Last summer at Podcast Movement, I had the pleasure of hosting a fireside chat with Jarl Mohn, CEO of NPR. As everyone knows, public radio has been especially successful in the on-demand audio space. And our goal of putting Jarl on stage in the main ballroom was to give attendees an inside look into the strategic architecture of NPR's master podcasting schematic.
So, my first question to Jarl, once we got past the pleasantries, was to the point: explain why public radio has enjoyed a decided edge in podcasting among the three most important constituencies – listeners, advertisers, and critics.
And without pausing a moment, he told me this:
“Simple – it's about storytelling.”
We took a few moments to flesh out that response, holding it up against success after success in podcasting – not just today in public radio, but for the past many years. But it came down to that single quality that frequently sets public media apart from its commercial broadcasting counterparts.
It was a moment reminiscent of that scene in The Graduate where the businessman pulls a young Benjamin Braddock (played brilliantly by Dustin Hoffman) aside at a party to impart that one-word key that would unlock the future:
Actually, my money's on storytelling. Not just because of its importance to podcasting, but because it is also the key to creating great radio in an increasingly crowded field of media choices. When you think back to many of the greats of the airwaves – then and now – they all had that uncanny ability to tell a great story:
Paul Harvey, Larry Lujack (remember “Animal Stories?”), Rush Limbaugh, Howard Stern, Dr. Ruth, Nick Michaels, Alison Steele, Jim Ladd, Casey Kasem, J.P. McCarthy, Delilah, Steve Dahl – the list goes on and on. And while they all reside in different wings of the radio building, their ability to enthrall you with a story is at the foundation of their great talent.

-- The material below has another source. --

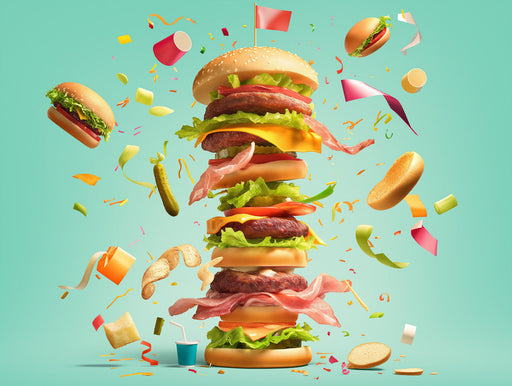 Burger Extravaganza Mural Wallpaper | Teal, Brown, Green, Multicolored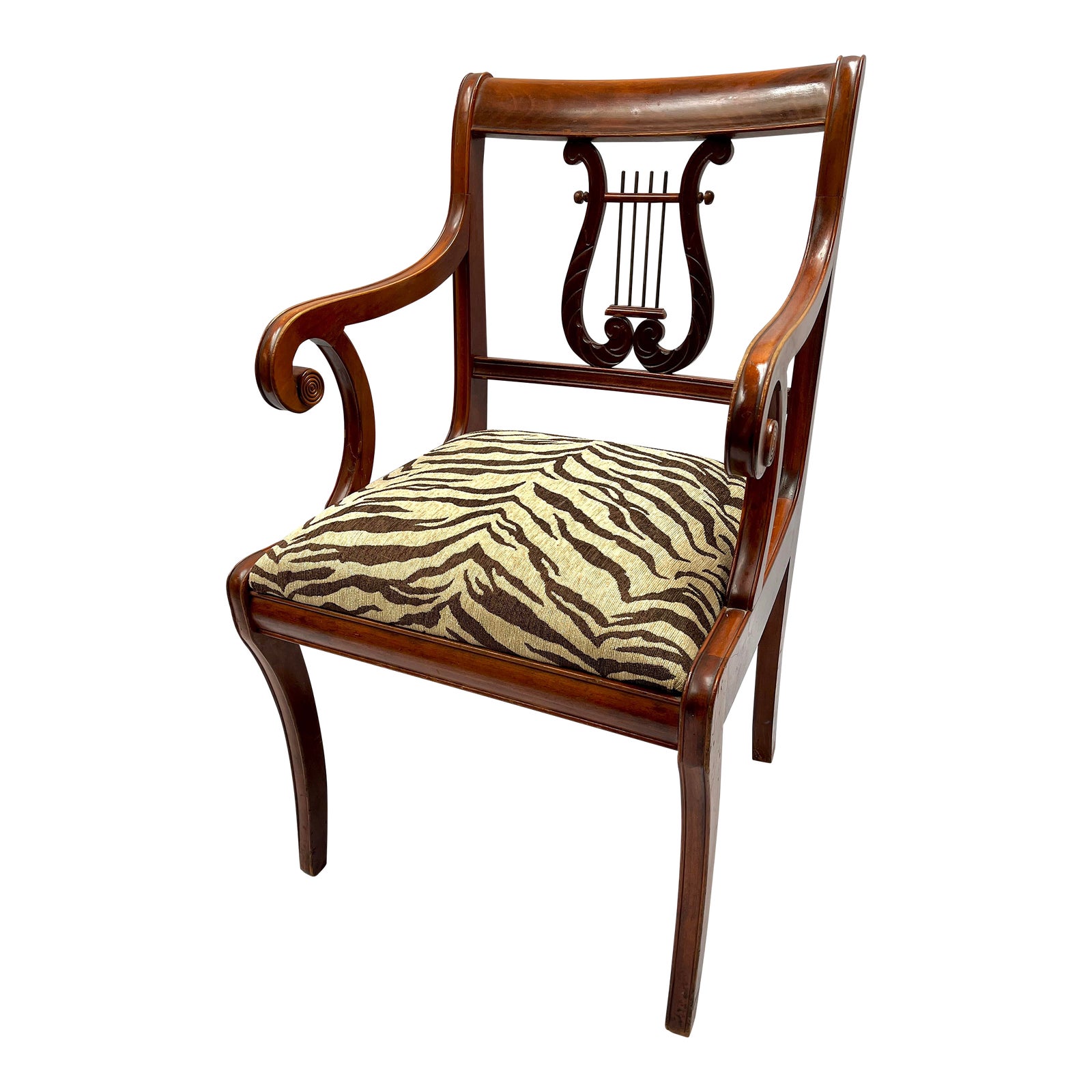 Mid 20th Century Vintage Harp Back Arm Chair Chairish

And part of that skill set is their ability to surprise you – telling you something you didn't know or didn't expect. And delivering it in a way that made you hang on their every word.
In public radio, these aren't exceptional moments – they are everyday occurrences. Whether you're listening to a revealing interview on Fresh Air, enjoying the insights on the TED Radio Hour, or captivated by amazing stories on The Moth, you're on the receiving end of great storytelling. Let's also not forget, the NPR feature aptly called “StoryCorps” – sharing amazing tales, remembrances, and life lessons from Americans from all walks of life – got its start back in 2003 thanks to David Issay.

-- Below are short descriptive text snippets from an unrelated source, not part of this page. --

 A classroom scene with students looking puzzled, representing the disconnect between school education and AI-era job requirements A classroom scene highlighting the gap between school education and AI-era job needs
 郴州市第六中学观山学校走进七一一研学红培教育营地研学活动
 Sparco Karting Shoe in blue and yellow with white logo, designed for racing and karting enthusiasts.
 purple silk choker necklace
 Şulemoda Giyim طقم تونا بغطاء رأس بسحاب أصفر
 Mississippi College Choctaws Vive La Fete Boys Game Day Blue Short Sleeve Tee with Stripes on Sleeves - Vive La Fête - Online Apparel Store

These “must-listen-to-occasions” are what NPR calls “Driveway Moments” – in fact, they have created a whole line of products around those times when you remain in your car because you absolutely must hear the end of the story, a news feature, or something else. In public radio circles, the term is well-known, among talent, producers, and listeners.
Part of the charm of radio and its storytelling content is that audiences don't always realize what they're getting into. In public radio focus groups, you regularly hear people explain that a news feature on “Morning Edition” or “All Things Considered” didn't initially sound very appealing. But once a listener got a minute or so in, they discovered just how fascinating the topic, the treatment, or both actually are.
Of course, in the age of algorithms, these serendipitous moments when you stumble across content that surprises you may become fewer and farther between. That's because the science of predicting what we like, and determining how to customize it for individual consumers is getting better and better.
A couple of weeks ago, Harvey Kojan shared an article from TechCrunch, “Get Ready for a New Era of Personalized Entertainment.” But it was the story's subtitle that caught my attention:
“The Ghost in the Machine Will Now Tell Stories.”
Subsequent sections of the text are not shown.